Serge Lefrançois, président du Syndicat des constables spéciaux du gouvernement du Québec, nie tout moyen de pression en ce sens. «On est en moyens de visibilité», dit-il, en assurant que le seul moyen qu'utilisent les membres est le port du pantalon camouflage. Selon M. Lefrançois, il faudrait 40 constables spéciaux de plus pour répondre adéquatement aux besoins à Montréal. Il estime que le manque découle d'un problème de rétention, parce que les salaires ne sont pas assez élevés (de 37 000$ à 47 000$). «Après leur formation à Nicolet, les constables viennent travailler au palais un bout de temps, puis ils s'en vont pour des emplois plus payants.» Les constables réclament un rattrapage salarial avec les autres agents de la paix, explique M. Lefrançois.

Sécur-Action

Mario Vaillancourt, porte-parole du ministère de la Sécurité publique, affirme que le Ministère prend tous les moyens nécessaires pour régler la situation.

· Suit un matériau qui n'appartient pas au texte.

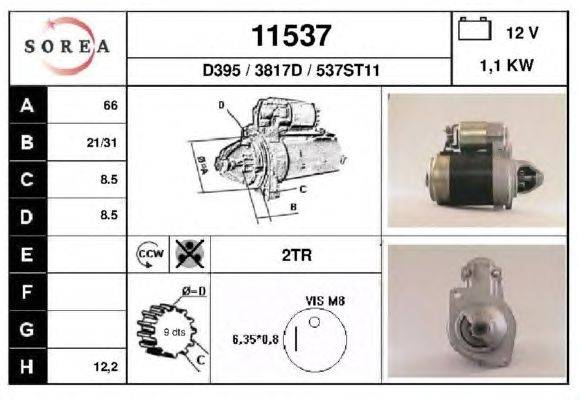 Стартер EAI 11537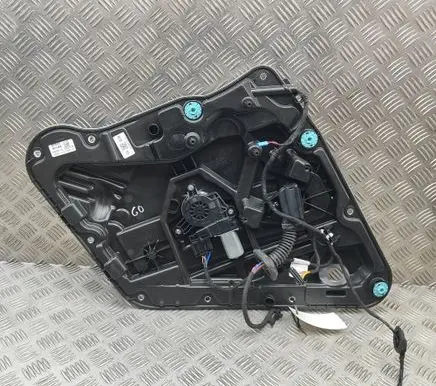 BMW X2 U10 Rear window lifting mechanism without motor 5A30386 5A75082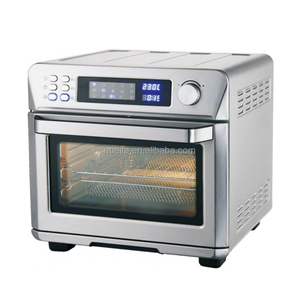 Aifa 18L 25L Four à Friture Sans Huile Entièrement en Acier Inoxydable, Cuisinière Électrique Intelligente à Contrôle Numérique, Four à Air Chaud CB CE ODM OEM - Product Image 1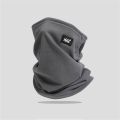 Winter Camping Fleece Neck Gaiter Ski Tube Scarf Snowboard Half Face Mask Face Cover For Men & Women Outdoor Cold-proof Collar.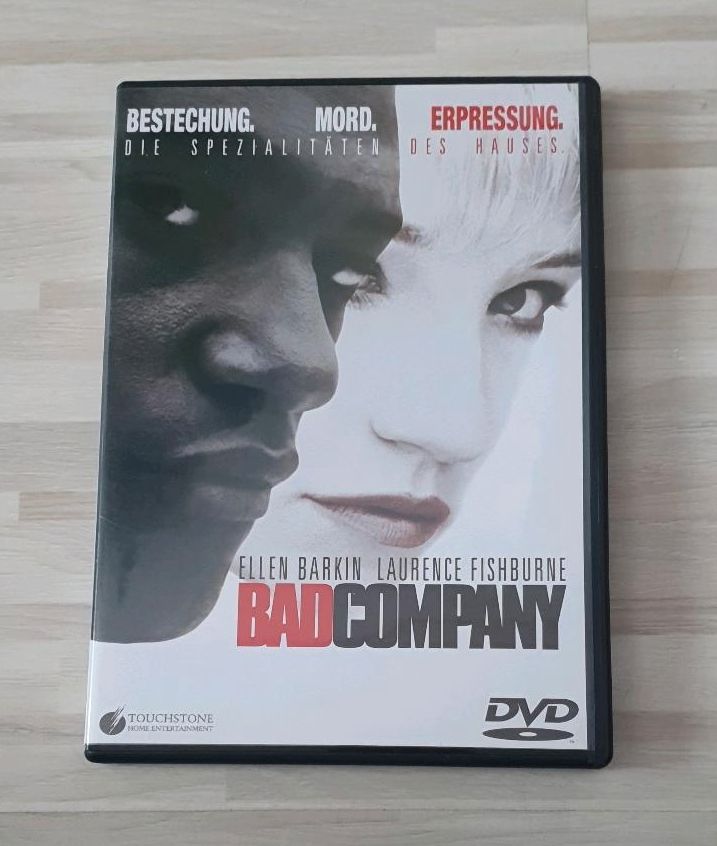 Bad Company DVD mit Ellen Barkin, Laurence Fishburne in Kiel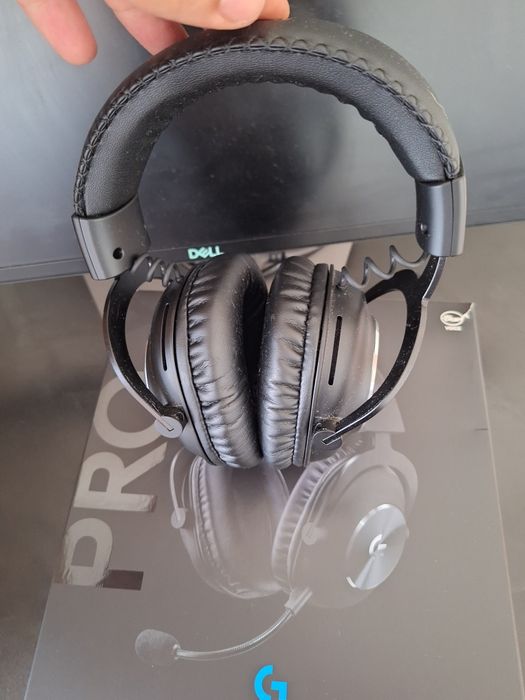 Casti logitech pro x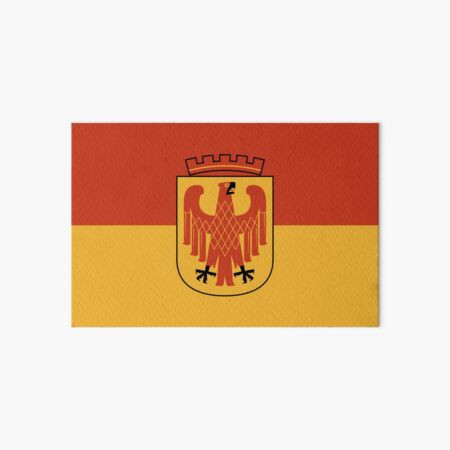 Artikel-Vorschau von Flagge von Postdam, designt und verkauft von Herr.  Friedrich.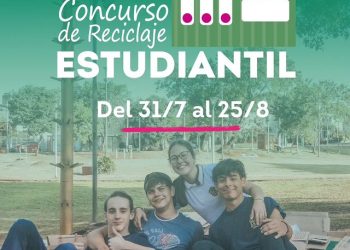 Posadas: cuenta regresiva, vuelve el Concurso de Reciclaje Estudiantil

Le fait que l'agence Sécur-Action ait été remerciée, en septembre, n'a certes pas aidé. Une quinzaine de personnes de cette agence travaillaient au palais, selon M. Vaillancourt. Leurs postes doivent actuellement être comblés par les constables spéciaux du palais.

Il y a enfin les fameux portiques de sécurité, installés depuis l'année dernière, qui gardent deux moitiés de paliers sur les quatre consacrés aux causes criminelles. Pour les observateurs, il est assez cocasse de constater qu'on compte souvent trois, quatre ou cinq constables spéciaux à chacun des ces portiques pour fouiller minutieusement témoins, traducteurs et journalistes, alors que des salles d'audience ne peuvent ouvrir pour cause d'absence de constable.